Mehr Geld im Gartenbau und ein Schritt zu einheitlicheren Tarifen

Für viele Beschäftigte im Gartenbau steigen die Einkommen: Wie die IG BAU in Frankfurt am Main mitteilte, erhalten Arbeitnehmerinnen und Arbeitnehmer in einem neu geschaffenen Tarifraum in den kommenden zwei Jahren insgesamt 6,4 Prozent mehr Lohn und Gehalt. Der neue Tarifraum umfasst die neun Bundesländer Bayern, Bremen, Hamburg, Mecklenburg-Vorpommern, Niedersachsen, Nordrhein-Westfalen, Rheinland-Pfalz, Saarland und Schleswig-Holstein. Für Baden-Württemberg und Hessen wurde zugleich eine Erhöhung der Einkommen um insgesamt 7,8 Prozent vereinbart.

Die Gewerkschaft bewertet den Abschluss angesichts der wirtschaftlichen Lage als deutliches Signal für die Branche. „Das ist in diesen schwierigen Zeiten mit explodierenden Energiepreisen und einer schon bald deutlich ansteigenden Inflationsrate ein sehr gutes Ergebnis. Die Beschäftigten in der Branche machen oftmals einen harten Job bei Wind und Wetter. Sie verschönern uns das Leben, in dem sie Pflanzen und Gehölze produzieren und uns mit Obst und Gemüse versorgen. Dass muss entsprechend honoriert werden“, sagt Christian Beck, im IG BAU-Bundesvorstand unter anderem zuständig für den Gartenbau.

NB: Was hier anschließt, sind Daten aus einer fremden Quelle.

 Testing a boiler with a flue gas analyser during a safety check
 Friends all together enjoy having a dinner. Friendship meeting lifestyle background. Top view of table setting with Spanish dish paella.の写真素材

Warum der Abschluss über den Lohn hinaus wichtig ist

Die Einigung ist nicht nur wegen der höheren Entgelte bedeutsam. Sie markiert auch eine Neuordnung der Tariflandschaft in einem Bereich, der bislang von vielen unterschiedlichen regionalen Tarifgebieten geprägt war. Nach Angaben der IG BAU ist es erstmals gelungen, neun Bundesländer in einem gemeinsamen Tarifgebiet zusammenzuführen.

Vom Flickenteppich zum Großgebiet

Für Beschäftigte und Betriebe bedeutet ein solches Großgebiet vor allem mehr Vergleichbarkeit. Wenn mehrere Länder unter denselben tariflichen Rahmen fallen, werden Arbeitsbedingungen und Entgelte perspektivisch stärker angeglichen. Genau darauf zielen auch die parallel vereinbarten Abschlüsse in Baden-Württemberg und Hessen ab: Sie sind laut Gewerkschaft so angelegt, dass die Löhne und Gehälter dort in absehbarer Zeit zu denen im „Großgebiet“ aufschließen.

Die strategische Richtung beschreibt Beck so: „Das ist ebenfalls ein großer Erfolg, wir wollen endlich weg von dem einstigen Flickenteppich. Unser Ziel als Sozialpartner ist, gemeinschaftlich mit den Arbeitgeberverbänden ein deutschlandweites Tarifgebiet zu schaffen, in dem einheitlich alle Rahmen- und Entgelttarifverträge gelten. Dazu zählen auch die noch fehlenden Bundesländer im Osten der Republik, auch hier werden wir uns konstruktiv für eine Lösung einsetzen“, erklärt Beck.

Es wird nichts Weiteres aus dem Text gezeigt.